State elections officials on Tuesday night released the results from ballots received by mail through Monday, with Mfume leading 73% to 27%.

An unknown number of ballots remained outstanding. The state mailed ballots to 482,728 eligible registered voters and reported receiving back 110,524 so far (they must be postmarked by Tuesday). So, while the results the state released Tuesday accounted for 107,740 votes, another 3,788 from mailed-in ballots and in-person voting remained to be counted, along with any other ballots that could still arrive by the deadline of May 8.

But Democrats hold a commanding, 4-1 voter registration advantage in the district. And of all the mailed-in ballots received, more than 74,000 were from registered Democrats. Even if Klacik won the 23,118 GOP voters ballots mailed in so far, along with the 12,500 from voters of other parties, she would not take the lead from Mfume, and there was no reason to believe she would receive enough crossover support for the trend to change.

With Gov. Larry Hogan’s state of emergency and stay-at-home orders in effect, voters were encouraged by elections officials to mail in ballots. However, several voters said Tuesday they came to vote in person —there were three sites — because they were concerned their completed ballots would get lost in the mail.

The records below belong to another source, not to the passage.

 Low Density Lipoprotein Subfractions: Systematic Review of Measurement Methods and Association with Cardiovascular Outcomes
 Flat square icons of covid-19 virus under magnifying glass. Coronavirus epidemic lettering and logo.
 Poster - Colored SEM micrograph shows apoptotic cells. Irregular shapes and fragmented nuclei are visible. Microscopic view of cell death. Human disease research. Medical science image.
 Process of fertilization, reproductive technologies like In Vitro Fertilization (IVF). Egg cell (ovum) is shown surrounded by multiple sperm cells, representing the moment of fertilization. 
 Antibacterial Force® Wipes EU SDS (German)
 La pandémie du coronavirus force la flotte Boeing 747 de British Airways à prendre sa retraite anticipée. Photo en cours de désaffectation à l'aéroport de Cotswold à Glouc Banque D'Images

Signs at the voting centers advised voters to keep 6 feet apart, and mask-wearing campaign volunteers waved signs at voters rather than approach them. Election judges — some considered high risk because of their age — sat behind plastic shields, wearing protective gear.

In Howard County, plastic bags containing a surgical mask, pen and sticker were given to voters as they entered the polling site at the county fairgrounds in West Friendship. Hand sanitizer was available and in use.

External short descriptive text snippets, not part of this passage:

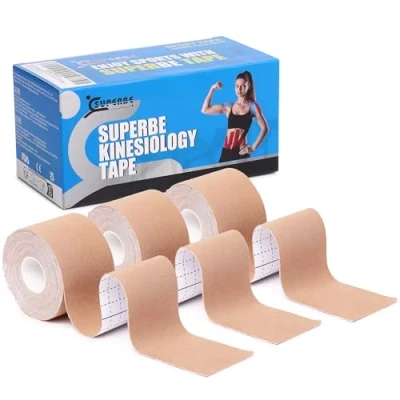 Abbildung von Superbe Kinesio Tape und Physio (Packung mit 3 Rollen), kinesiologisches für Leichtathletik, zur Schmerzlinderung, Genesung Physiotherapie, 5 cm x m (Beige)
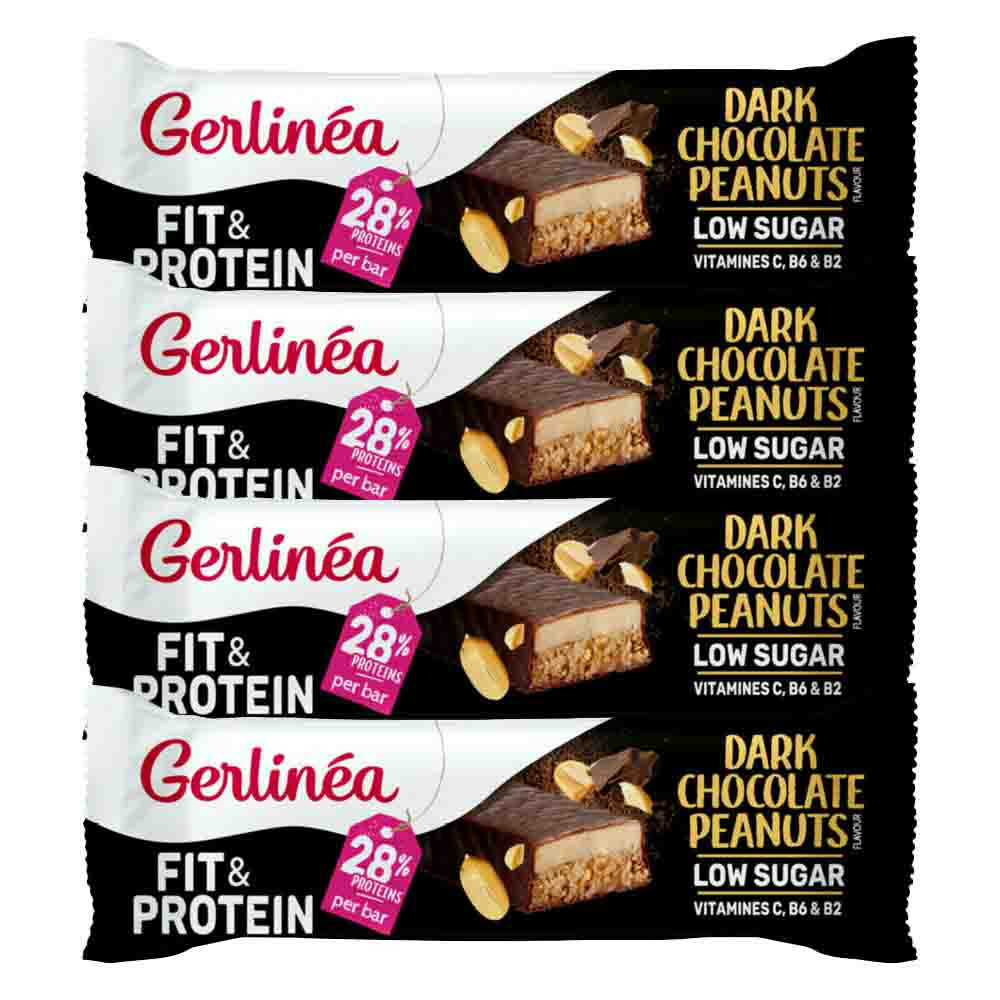 4x Gerlinea Fit&Protein Reep Dark Chocolate Peanuts 45 gr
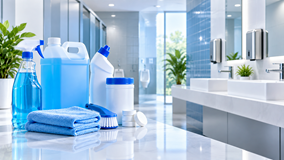 Washroom disinfectants including bactericidal cleaners virucidal sprays chlorine tablets and odour-control products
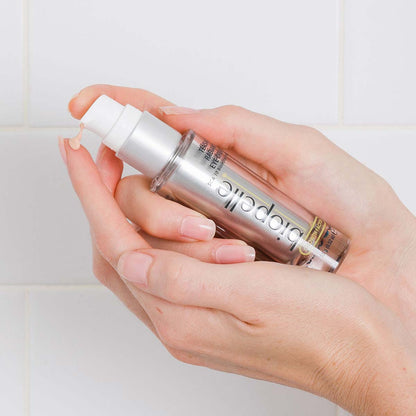 Tensage Radiance Eye Cream pump dispenses tinted texture with SCA Biorepair and peptides for bright under eye care use daily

At the Martin’s West catering hall off Interstate 695, the Baltimore County polling place, each voter was given their own pen to mark their ballot, rather than circulating pens among many people.

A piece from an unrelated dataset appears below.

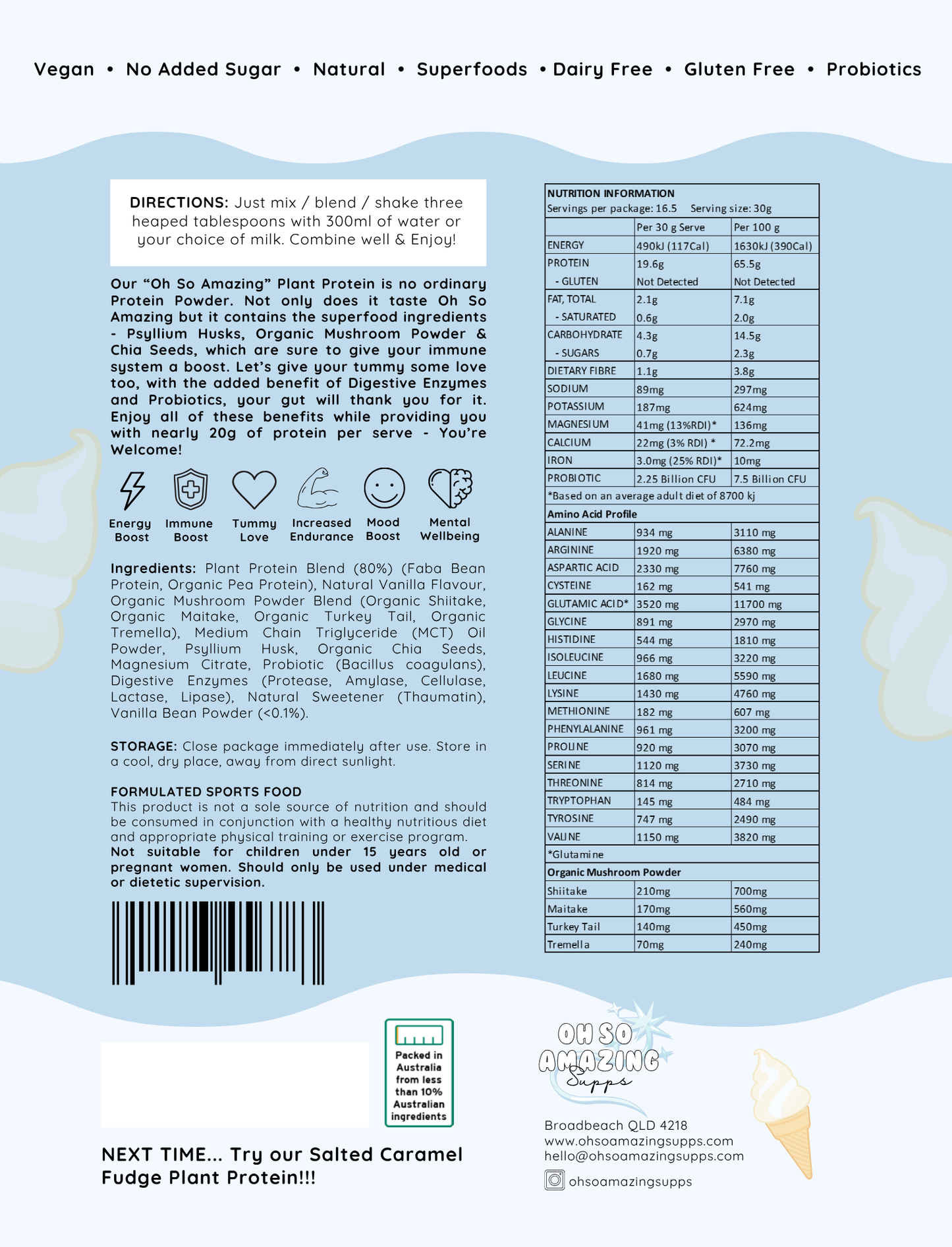 Back of a protein package with nutritional information and ingredient list on a light blue background.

In Baltimore City, judges wore gloves, face shields and masks, while still handing the traditional “I Voted” stickers to voters. The high school’s hallways were marked with tape at 6-foot intervals in case lines formed.

Election workers constantly cleaned voting stations.

“It’s a learning experience. We’re doing the best we can,” said Judy Cranston, an election judge at Martin’s West who has been working elections for more than a decade.

The election — Maryland’s first to be conducted almost entirely by mail — was partly a referendum on Cummings, a Baltimore civil rights icon who had a rare form of cancer. He had held the seat since 1996.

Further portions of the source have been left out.